From the listing below, retype exactly the line holding "Smithville, MO 64089,512 S Commercial AVE", the line holding "Images Embassy Suites by Hilton Boca Raton", and the lines between them; skip everything else.
Segment Start: DATA UNDER STUDY
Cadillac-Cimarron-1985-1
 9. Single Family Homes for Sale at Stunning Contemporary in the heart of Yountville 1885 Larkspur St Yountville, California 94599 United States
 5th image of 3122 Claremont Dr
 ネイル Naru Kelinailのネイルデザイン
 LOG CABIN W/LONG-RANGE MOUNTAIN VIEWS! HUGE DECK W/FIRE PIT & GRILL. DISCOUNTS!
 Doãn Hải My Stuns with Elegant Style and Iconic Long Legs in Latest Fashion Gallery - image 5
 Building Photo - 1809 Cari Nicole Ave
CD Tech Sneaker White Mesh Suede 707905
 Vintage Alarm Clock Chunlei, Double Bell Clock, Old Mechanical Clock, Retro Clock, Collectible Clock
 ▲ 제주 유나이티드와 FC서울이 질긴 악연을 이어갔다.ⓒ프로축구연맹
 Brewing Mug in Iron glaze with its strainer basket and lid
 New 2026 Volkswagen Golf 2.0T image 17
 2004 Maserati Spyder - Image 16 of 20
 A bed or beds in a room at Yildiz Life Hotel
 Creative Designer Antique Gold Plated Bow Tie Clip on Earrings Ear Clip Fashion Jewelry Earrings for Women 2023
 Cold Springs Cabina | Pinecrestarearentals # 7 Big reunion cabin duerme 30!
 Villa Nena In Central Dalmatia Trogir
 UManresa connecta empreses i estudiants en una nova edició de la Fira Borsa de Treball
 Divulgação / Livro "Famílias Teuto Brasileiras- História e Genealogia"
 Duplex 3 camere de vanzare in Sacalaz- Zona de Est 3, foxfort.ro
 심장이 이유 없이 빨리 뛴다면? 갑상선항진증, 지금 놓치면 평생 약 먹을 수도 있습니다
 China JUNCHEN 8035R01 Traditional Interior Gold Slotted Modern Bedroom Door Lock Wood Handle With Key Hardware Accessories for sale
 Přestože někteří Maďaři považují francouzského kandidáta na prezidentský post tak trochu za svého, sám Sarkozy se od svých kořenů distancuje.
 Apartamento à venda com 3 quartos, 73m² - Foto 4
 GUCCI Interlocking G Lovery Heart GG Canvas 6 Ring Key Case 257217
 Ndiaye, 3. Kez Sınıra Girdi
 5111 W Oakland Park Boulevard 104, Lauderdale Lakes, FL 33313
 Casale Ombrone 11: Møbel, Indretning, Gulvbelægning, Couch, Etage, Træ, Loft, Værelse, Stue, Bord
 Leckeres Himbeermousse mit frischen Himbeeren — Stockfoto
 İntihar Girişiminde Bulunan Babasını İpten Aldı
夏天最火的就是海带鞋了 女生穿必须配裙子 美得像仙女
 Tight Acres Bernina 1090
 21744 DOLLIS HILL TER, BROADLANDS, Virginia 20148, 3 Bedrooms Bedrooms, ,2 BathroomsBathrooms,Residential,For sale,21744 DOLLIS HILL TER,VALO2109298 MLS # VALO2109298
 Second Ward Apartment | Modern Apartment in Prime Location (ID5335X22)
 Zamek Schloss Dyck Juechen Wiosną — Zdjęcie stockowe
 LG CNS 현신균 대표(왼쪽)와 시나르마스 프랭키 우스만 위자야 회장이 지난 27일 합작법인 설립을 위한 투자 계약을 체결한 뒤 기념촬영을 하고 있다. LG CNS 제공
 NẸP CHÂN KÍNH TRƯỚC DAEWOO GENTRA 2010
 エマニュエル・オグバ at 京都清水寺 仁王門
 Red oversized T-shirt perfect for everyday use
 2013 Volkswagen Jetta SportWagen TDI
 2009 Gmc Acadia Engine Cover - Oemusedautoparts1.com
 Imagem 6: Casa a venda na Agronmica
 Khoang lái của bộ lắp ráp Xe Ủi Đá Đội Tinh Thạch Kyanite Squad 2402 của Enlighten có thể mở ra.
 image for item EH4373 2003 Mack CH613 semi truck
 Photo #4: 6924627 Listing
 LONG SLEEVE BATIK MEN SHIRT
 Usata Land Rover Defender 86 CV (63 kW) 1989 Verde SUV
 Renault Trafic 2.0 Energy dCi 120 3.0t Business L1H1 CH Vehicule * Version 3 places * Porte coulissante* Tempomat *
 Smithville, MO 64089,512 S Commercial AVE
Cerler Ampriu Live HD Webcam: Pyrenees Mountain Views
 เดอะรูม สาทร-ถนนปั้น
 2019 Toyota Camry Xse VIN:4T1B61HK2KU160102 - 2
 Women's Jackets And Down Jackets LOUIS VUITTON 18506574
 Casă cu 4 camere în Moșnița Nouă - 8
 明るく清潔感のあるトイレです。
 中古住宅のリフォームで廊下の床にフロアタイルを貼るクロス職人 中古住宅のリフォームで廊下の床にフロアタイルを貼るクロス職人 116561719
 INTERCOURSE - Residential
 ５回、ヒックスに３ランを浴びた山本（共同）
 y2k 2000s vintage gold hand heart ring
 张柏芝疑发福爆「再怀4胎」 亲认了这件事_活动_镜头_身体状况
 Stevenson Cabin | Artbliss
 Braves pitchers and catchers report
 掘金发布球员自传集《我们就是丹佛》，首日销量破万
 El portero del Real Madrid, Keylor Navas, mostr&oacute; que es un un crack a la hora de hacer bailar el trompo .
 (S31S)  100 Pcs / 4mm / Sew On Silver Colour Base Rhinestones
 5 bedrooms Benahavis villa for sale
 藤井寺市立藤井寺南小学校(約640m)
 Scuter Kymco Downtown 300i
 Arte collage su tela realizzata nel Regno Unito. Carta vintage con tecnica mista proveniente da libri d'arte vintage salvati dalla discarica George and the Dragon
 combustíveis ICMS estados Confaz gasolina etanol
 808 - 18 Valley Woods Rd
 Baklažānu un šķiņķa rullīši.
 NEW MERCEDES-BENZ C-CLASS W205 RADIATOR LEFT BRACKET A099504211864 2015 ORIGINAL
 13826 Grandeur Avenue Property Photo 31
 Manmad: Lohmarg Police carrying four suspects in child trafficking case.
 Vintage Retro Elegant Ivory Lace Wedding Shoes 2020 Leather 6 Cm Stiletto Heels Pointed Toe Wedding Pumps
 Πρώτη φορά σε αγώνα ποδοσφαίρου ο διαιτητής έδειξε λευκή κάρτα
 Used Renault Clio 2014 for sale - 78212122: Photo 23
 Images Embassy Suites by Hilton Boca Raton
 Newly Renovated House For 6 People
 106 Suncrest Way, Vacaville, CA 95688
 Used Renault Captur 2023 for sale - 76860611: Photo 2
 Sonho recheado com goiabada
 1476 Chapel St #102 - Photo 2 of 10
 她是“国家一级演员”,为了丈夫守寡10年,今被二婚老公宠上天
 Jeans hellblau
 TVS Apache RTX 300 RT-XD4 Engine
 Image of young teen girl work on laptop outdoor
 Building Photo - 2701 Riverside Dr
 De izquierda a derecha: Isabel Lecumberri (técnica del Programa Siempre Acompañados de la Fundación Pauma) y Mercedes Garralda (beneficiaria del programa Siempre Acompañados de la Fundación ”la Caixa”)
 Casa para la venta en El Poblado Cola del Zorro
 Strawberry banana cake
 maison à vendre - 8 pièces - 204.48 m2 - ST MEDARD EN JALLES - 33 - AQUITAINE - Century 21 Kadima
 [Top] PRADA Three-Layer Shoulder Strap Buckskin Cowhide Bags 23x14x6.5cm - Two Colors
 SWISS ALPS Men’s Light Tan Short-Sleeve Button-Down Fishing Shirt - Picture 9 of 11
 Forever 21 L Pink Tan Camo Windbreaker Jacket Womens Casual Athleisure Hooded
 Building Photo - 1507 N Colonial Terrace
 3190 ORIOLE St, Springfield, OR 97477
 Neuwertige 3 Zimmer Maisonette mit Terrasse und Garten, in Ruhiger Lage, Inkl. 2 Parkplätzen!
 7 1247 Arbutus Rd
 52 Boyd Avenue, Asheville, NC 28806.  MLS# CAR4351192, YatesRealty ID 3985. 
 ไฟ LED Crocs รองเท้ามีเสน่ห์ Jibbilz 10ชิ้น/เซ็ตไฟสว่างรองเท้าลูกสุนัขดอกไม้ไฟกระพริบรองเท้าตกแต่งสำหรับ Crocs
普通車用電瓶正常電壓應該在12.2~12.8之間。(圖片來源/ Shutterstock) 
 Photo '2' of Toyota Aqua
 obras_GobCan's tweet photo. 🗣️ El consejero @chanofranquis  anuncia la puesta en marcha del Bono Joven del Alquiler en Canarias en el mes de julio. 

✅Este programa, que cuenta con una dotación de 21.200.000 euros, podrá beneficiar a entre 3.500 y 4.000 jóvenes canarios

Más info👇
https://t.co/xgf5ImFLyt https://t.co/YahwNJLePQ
Segment End: DATA UNDER STUDY
RESPONSE:
 Smithville, MO 64089,512 S Commercial AVE
Cerler Ampriu Live HD Webcam: Pyrenees Mountain Views
 เดอะรูม สาทร-ถนนปั้น
 2019 Toyota Camry Xse VIN:4T1B61HK2KU160102 - 2
 Women's Jackets And Down Jackets LOUIS VUITTON 18506574
 Casă cu 4 camere în Moșnița Nouă - 8
 明るく清潔感のあるトイレです。
 中古住宅のリフォームで廊下の床にフロアタイルを貼るクロス職人 中古住宅のリフォームで廊下の床にフロアタイルを貼るクロス職人 116561719
 INTERCOURSE - Residential
 ５回、ヒックスに３ランを浴びた山本（共同）
 y2k 2000s vintage gold hand heart ring
 张柏芝疑发福爆「再怀4胎」 亲认了这件事_活动_镜头_身体状况
 Stevenson Cabin | Artbliss
 Braves pitchers and catchers report
 掘金发布球员自传集《我们就是丹佛》，首日销量破万
 El portero del Real Madrid, Keylor Navas, mostr&oacute; que es un un crack a la hora de hacer bailar el trompo .
 (S31S)  100 Pcs / 4mm / Sew On Silver Colour Base Rhinestones
 5 bedrooms Benahavis villa for sale
 藤井寺市立藤井寺南小学校(約640m)
 Scuter Kymco Downtown 300i
 Arte collage su tela realizzata nel Regno Unito. Carta vintage con tecnica mista proveniente da libri d'arte vintage salvati dalla discarica George and the Dragon
 combustíveis ICMS estados Confaz gasolina etanol
 808 - 18 Valley Woods Rd
 Baklažānu un šķiņķa rullīši.
 NEW MERCEDES-BENZ C-CLASS W205 RADIATOR LEFT BRACKET A099504211864 2015 ORIGINAL
 13826 Grandeur Avenue Property Photo 31
 Manmad: Lohmarg Police carrying four suspects in child trafficking case.
 Vintage Retro Elegant Ivory Lace Wedding Shoes 2020 Leather 6 Cm Stiletto Heels Pointed Toe Wedding Pumps
 Πρώτη φορά σε αγώνα ποδοσφαίρου ο διαιτητής έδειξε λευκή κάρτα
 Used Renault Clio 2014 for sale - 78212122: Photo 23
 Images Embassy Suites by Hilton Boca Raton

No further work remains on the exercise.